In this book pastor, professor, and biblical scholar James Hamilton explores how work fits into the big story of the Bible; revealing the glory that God intended when he gave man work to do, the ruin that came as a result of the fall, and the redemption yet to come, offering hope for flourishing in the midst of fallen futility.”
This week we begin our look at this book with the “Introduction”:
- The following questions will help us to seek the interpretive perspective of the biblical authors on the topic of work:
- What part did work play in the big story of the world through which the biblical authors interpreted their lives?
- What propositional truths about work did they understand to flow out of and back into that big story?

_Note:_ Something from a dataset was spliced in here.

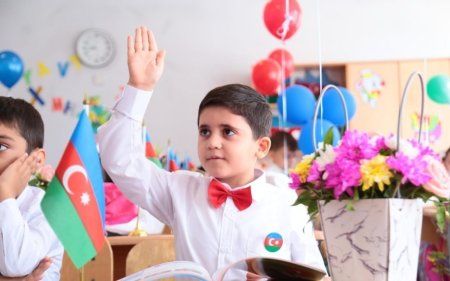 Yeni tədris ilində 2,2 milyon nəfər təhsil alacaq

- Do the biblical authors understand work to symbolize something beyond mere labor?
- We will begin with:
- (1) God’s design for work in the very good creation, prior to sin. From there we will move to consider,
- (2) What work looks like in a fallen world,
- (3) What work should be in the kingdom that the Lord Christ has inaugurated, and finally,
- (4) What the Bible indicates about work in the new heaven and the new earth the Lord Jesus will bring.
- The following four chapters will enable us to explore work as it was meant to be, as it is, as it can be, and as it will be.
Chapter 1 Creation ~
- Work is neither punishment nor cursed drudgery but an exalted, Godlike activity.
- The Bible opens with a depiction of God at work, and the operational understanding throughout the Bible is that God continues to work, guiding, upholding, loving, judging, and saving.
- God made male and female in his own image (Gen. 1:27); then he blessed them and told them what he wanted them to do (1:28).
- We are here to reflect the character of God in the way we subdue the earth and exercise dominion over the animal kingdom under the blessing of God.
- Work is therefore built into the created order, right from the start. God gave man stewardship of the land and all life on it. All tasks man undertakes in God’s world can be seen in relationship to that original commission.
- Arguably every righteous task in the world—from that of the farmer or rancher to that of the engineer, the software developer, or the nuclear physicist, from that of the ditch digger to the physician (or veterinarian), from the coach to the pastor, the zookeeper to the politician, the sergeant to the mailman—every task in the world can be seen in relationship to the subjection of the earth and the exercise of dominion over the animal kingdom.
- At its most basic level, a righteous job is one that does not exist to commit or promote sin but to accomplish the tasks God gave to humanity at the beginning: fill, subdue, and rule. Such work affords everyone who does it the opportunity to image forth the likeness of the one living and true God.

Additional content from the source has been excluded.